O jovem príncipe meditava nas palavras do velho caçador enquanto o seguia por chanas e pântanos, vendo manadas que fugiam logo que os pressentiam, fosse pela vista, fosse pelo cheiro do perigo levado pelo vento. Uma palanca vermelha pastando solitariamente fez disparar o coração do jovem príncipe na expectativa de uma instantânea gratificação. Contrariado, percebeu o silencioso gesto de negação do velho caçador, a sua mão e lança sem revelar qualquer intenção de atacar. “Já não são muitas no nosso território... as razias a tiros de espingarda dos caçadores furtivos deixaram-na à beira da extinção... roubando-nos o orgulho e a inspiração”.

Algumas horas depois, o sol já começara a declinar no horizonte. O príncipe estava desalentado: “Andamos para trás e para a frente e o dia aproxima-se do seu fim... não será fácil levar para casa esse troféu”. “Olha ali aquele antílope... avistei-o logo de manhã... também ele tem andado para trás e para a frente... à procura de água e capim fresco”. “Com uma espingarda seria mais fácil... com essa lança não sei”. O velho caçador sorriu, aspirou o vento e fez um sinal ao seu jovem companheiro para que o seguisse. Com cuidado redobrado foram sorrateiramente reduzindo a distância que os separava do antílope que estava imóvel, vigiando o espaço circundante antes de se dedicar à última refeição do dia. Tinha de se precaver contra algum caçador que lhe pudesse surgir repentinamente logo que baixasse a guarda para tocar o capim verde aos seus pés. Cada vez que baixava a cabeça para comer, o velho caçador aproximava-se mais uns centímetros, quase a rastejar, seguido de perto pelo jovem príncipe. Ainda a mastigar, o antílope levantava a cabeça e reiniciava a sua inspeção voltado para o lado do perigo, contra o qual soprava o vento. Do lado oposto sentia-se protegido pelo seu olfato.

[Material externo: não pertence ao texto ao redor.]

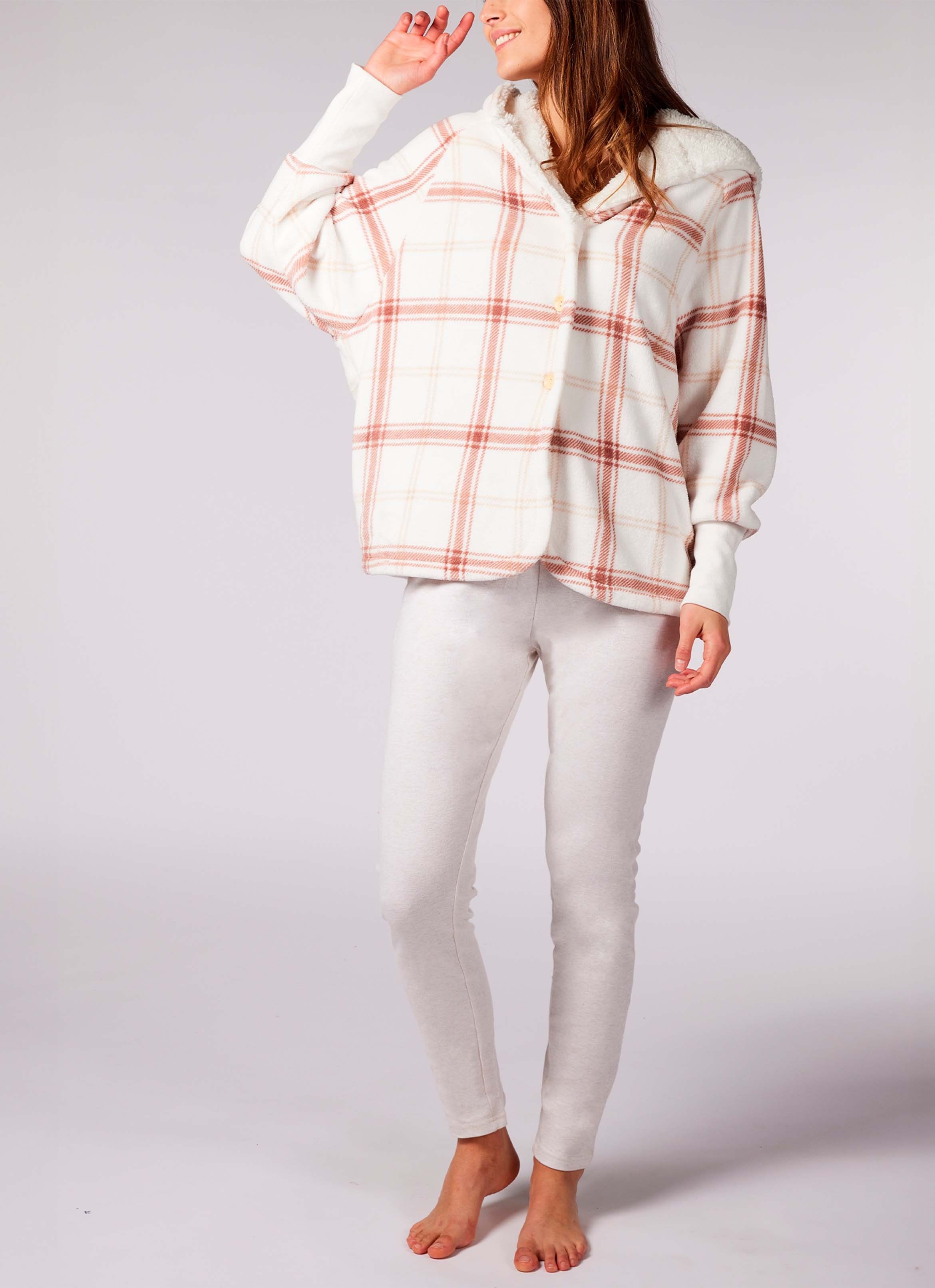 Peignoir Femme à Carreaux en Fourrure Flanelle – DODO – Réf. SF.EVEIL.RCF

Com cautela instintiva o impala varria a chana com o seu olhar, movendo a cabeça de um lado para outro à altura do horizonte antes de abocanhar mais uma porção de capim. Chegou, porém, o instante em que o seu olhar se cruzou com o Sol poisando na chana e, forçosamente, pestanejou, cerrando os olhos por algumas fracções de segundo. Por isso, não viu, nem podia ver, o caçador emergir da chana e a lança vigorosamente disparada, que se lhe cravou no pescoço.

Com tempo e paciência, o príncipe aprendeu como é fatal deixarmo-nos cegar, mesmo que por um simples instante, por tudo o que brilha.